(Recorded data begins)

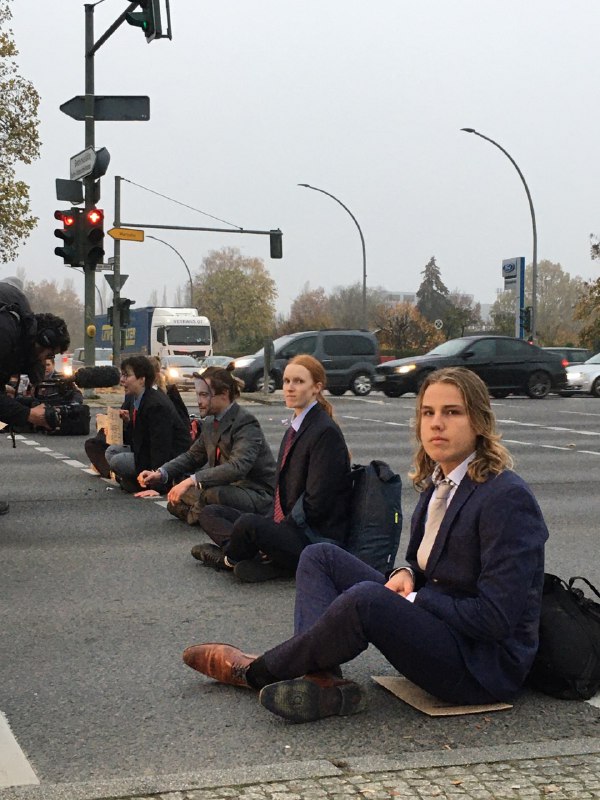 Mehrere Personen sitzen auf der Straße in Anzügen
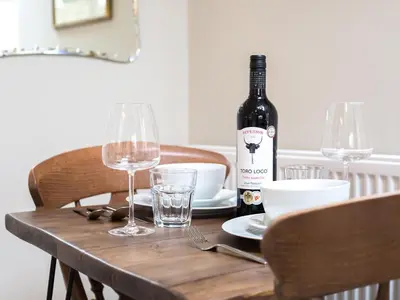 a bottle of wine sitting on a wooden table with glasses at Methera Cottage - Uk41487 in Spark Bridge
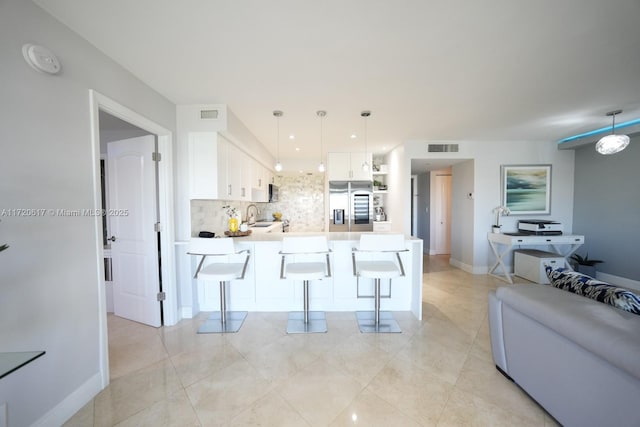 kitchen with stainless steel fridge, white cabinets, light countertops, a kitchen bar, and pendant lighting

(Recorded data ends)

* _Exercise_: Reproduce the listing exactly, but omit every picture in it.

* _Solution_:
 Mehrere Personen sitzen auf der Straße in Anzügen
 a bottle of wine sitting on a wooden table with glasses at Methera Cottage - Uk41487 in Spark Bridge
 kitchen with stainless steel fridge, white cabinets, light countertops, a kitchen bar, and pendant lighting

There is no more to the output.